Scientists See Far-Off Solar System Much Like Ours
Scientists spot star with five planets. Could one have water?
Nov. 6, 2007 -- Far away, around a star in the constellation Cancer the crab, scientists say they have discovered new evidence that we may not be alone.
A group of scientists working in Hawaii and California reported today that the star 55 Cancri has a complete solar system -- five planets, in almost circular orbits, at least one of which seems to be in the star's "habitable zone," where temperatures are likely to be right for liquid water to exist.
It has been more than a decade since astronomers found the first so-called "exoplanets" -- planets orbiting other stars -- and the total count is now more than 250.
But most of them were vastly larger than the Earth and followed lopsided, elliptical orbits. If they orbited close enough to their host stars to be warm, they would alternately fry and freeze -- not the best conditions for life to take root.
"This discovery of the first-ever quintuple planetary system has me jumping out of my socks," said Geoff Marcy, an astronomer at the University of California at Berkeley who is one of the world's leading discoverers of far-away planets. "We now know that our sun and its family of planets is not unusual."
Marcy and other scientists have been scanning the heavens, openly hoping to find planets like Earth.
"This discovery shows that our Milky Way contains billions of planetary systems," said Marcy.

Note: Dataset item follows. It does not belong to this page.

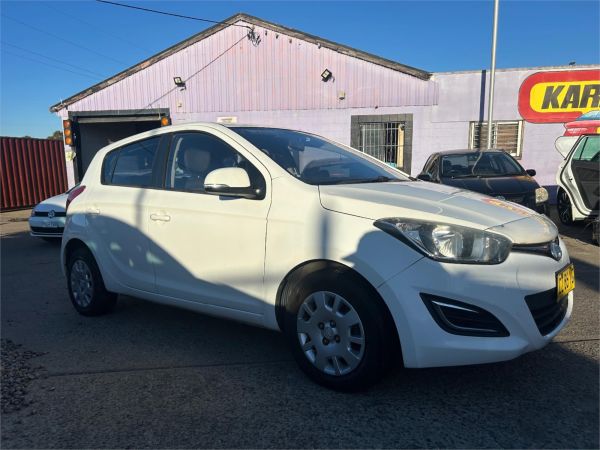 2013 HYUNDAI i20 5D HATCHBACK PB MY12.5 ACTIVE image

Slight Wobble Proves Noteworthy
The scientists who reported the find today said they have been watching 55 Cancri for 18 years, using the Keck Observatory in Hawaii and the Lick Observatory in California as part of a project funded by NASA and the National Science Foundation.

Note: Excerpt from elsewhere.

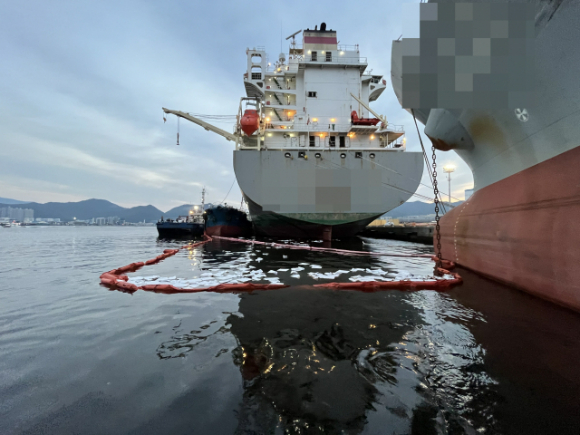 2만t급 홍콩선적 A 호가 1일 오전 1시 46분 마산합포구 마산항 4부두 인근 바다에서 급유 중 연료유(초저유황 C중유) 약 150L를 유출해 해상에 오일펜스가 설치됐다. [사진=창원해경]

The star is 41 light years away, more than 240 trillion miles. Because of the great distances, they could not directly see the planets, but they could watch the star wobbling, ever so slightly, because of the gravity exerted on it by the planets as they orbited.

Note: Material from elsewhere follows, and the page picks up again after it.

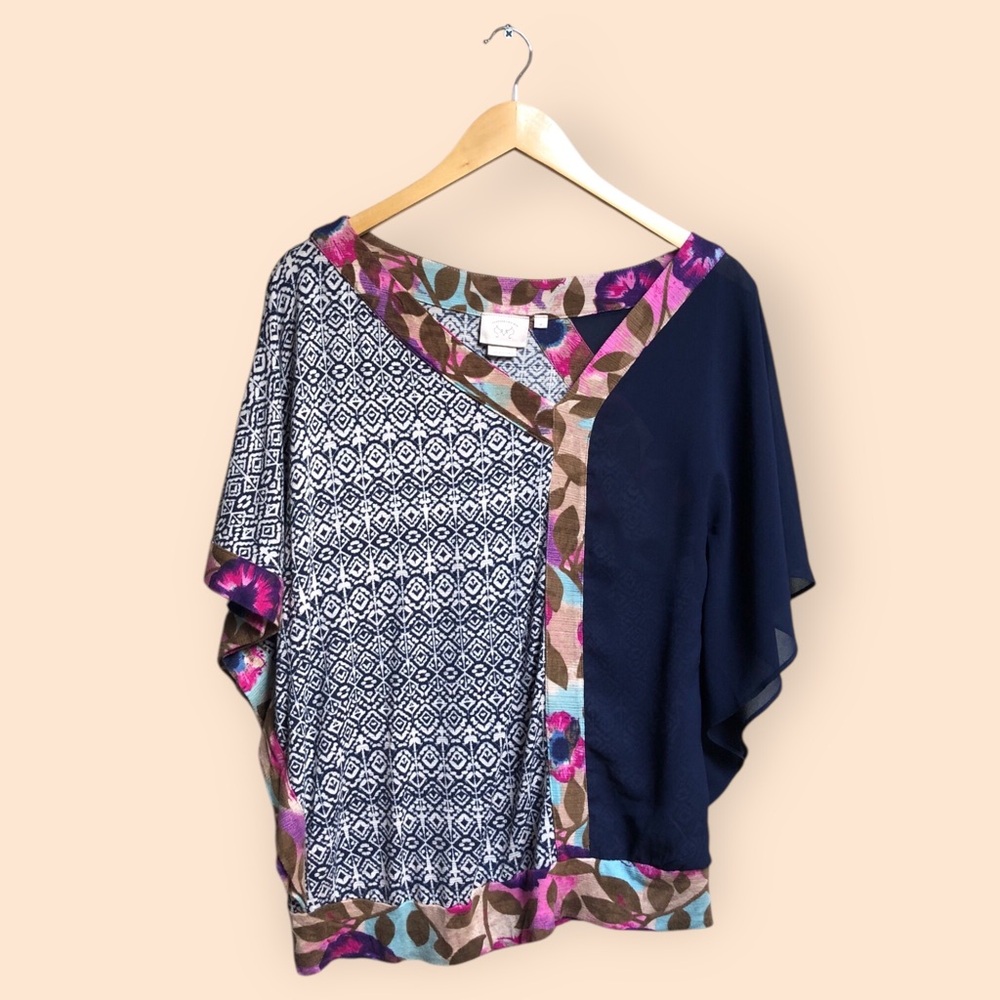 Anthropologie Vanessa Virginia Patterned Askew Flowy Short Sleeved Blouse Medium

Then they did the math. They concluded that one of the planets is in an orbit about 72.5 million miles from the star, taking 260 Earth days to circle it once. It's therefore closer to its host star than the Earth is to the sun (93 million miles) -- but they said that is a promising sign because 55 Cancri is slightly fainter than the sun is.
"This object," said Jonathan Lunine of the University of Arizona at Tucson, "would have a very temperate climate. It would be a little bit warmer than the Earth, but not very much."
Is there a prospect for life on that distant world? Any answer to that question, said the scientists, would be pure conjecture. But Debra Fisher, an astronomer from San Francisco State University, pointed out that our Earth would be too small to be seen from other stars if there were anyone out there using technology like ours.
It's quite possible, she said, that 55 Cancri has more planets in its temperate zone -- and even moons around those planets -- that we cannot see.
"There could be Earths, there could be 10 Earth-mass planets, and we would just not have detected them," she said.
This discovery, said the researchers, raises the odds other worlds are capable of supporting life. Space telescopes of the future, flying above the Earth's atmosphere, may be able to spot them.
"There may be terrestrial planets around most stars," said Lunine. We just haven't found them yet."